I couldn’t quite decide which of the phrases, which I murmur to myself throughout the day, should become permanent. There were too many possibilities. Dear Sugar’s advice would have scrawled from my wrists up my forearms. Her words would bump up against the tattoos I already have. Wrists and forearms would not be enough. Shoulders, calves, thighs, and back would also have to bear Sugar’s wisdom. From shoulders to feet, I would be covered in words, her words.
I chose the owl, a symbol of wisdom and learning, instead.
What I realized as I reread Tiny Beautiful Things in that tattoo parlor is that I already carry Strayed’s words with me. Her words have become my words. I’ve applied what she writes to own life. I don’t need them etched on my flesh because her words help me live. Her advice, given to other people, saves me from myself. This is more than any other book has done.
On the tough days, when fatigue settles on me like a heavy coat, and disappointment leaves a bitter taste in my mouth, I long for someone to call me “sweet pea.” For someone to urge me to move forward. I manage to get stuck in my own suffering. I tend to wallow. And yet, Sugar tells me to reach, so I do. I grumble about how hard it is to reach, but I reach anyway. Sugar reminds me: “Nobody will protect you from your own suffering.” No one will, Kelly, no one. My mantra becomes: “Every last one of us can do better than give up.” Do you hear me, sweet pea, don’t give up. I hear you, Sugar, and I’m listening.
My best friend and I have taken to calling Strayed Saint Cheryl. We recite the words of Tiny Beautiful Things as if they are litany, or maybe even a prayer. We text her wisdom back and forth. Dear Sugar emerges as my newfound moral compass. She’s empathetic, humane, compassionate, and unrepentant. She’s everything I’ve sought in a religious institution, and what I’ve never found. If she could see me, I bet she wouldn’t turn away.
My owl tattoo has healed nicely. I’ve reread the book once more to find the wisdom that I might have missed. The pages have started to show wear. There are underlines in different colors, notes and scribbles. I rewrite her advice in the margins to teach my mind and body which of her words matter most.
The advice that I write over and over is: “The fuck is your life. Answer it.” It is Sugar’s response to that incredulous question: WTF?! That question we so often employ when we can’t comprehend what’s happening to us. I repeat Strayed’s answer aloud in my office and disturb the two sleeping dogs. It is the hardest advice for me to handle. Suffering happens to us. Life happens to us. Sometimes, we can’t comprehend either, but they are ours. They make us who we are. We can’t shy away from that truth; we have to own it.

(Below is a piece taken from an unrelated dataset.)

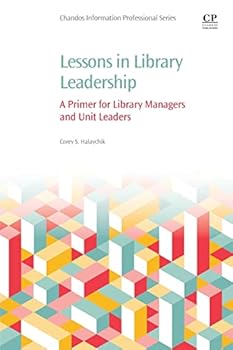 Paperback Lessons in Library Leadership: A Primer for Library Managers and Unit Leaders Book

Strayed’s columns have encouraged me to see myself. To face those beautiful and awful truths of who I am with compassion and love. To reckon with the fuck that makes up my life with grace. She encourages me, and all the other readers, to “tackle the motherfucking shit out of love.” In Tiny Beautiful Things, I find love, acceptance, truth, intimacy, openness, gratitude, and an appreciation of life’s messiness. There’s no stark certainty here. No punishing judgment. Just a vision of how fucked-up life can be and the importance of radical empathy.
Saint Cheryl, full of grace, thank you for your advice.
Kelly J. Baker writes about the apocalypse, zombies, mental illness, trauma, and higher education. She's the author of The Gospel According to the Klan: The KKK’s Appeal to Protestant America, 1915-1930, Grace Period: A Memoir in Pieces, Sexism Ed: Essays on Gender and Labor in Higher Education, and Final Girl: And Other Essays on Grief, Trauma, and Mental Illness, forthcoming Fall 2020. She's also the editor of Women in Higher Education, The National Teaching and Learning Forum, and Disability Acts. You can find her hanging around on Twitter @kelly_j_baker, tweeting about coffee, parenting, writing, and other shenanigans.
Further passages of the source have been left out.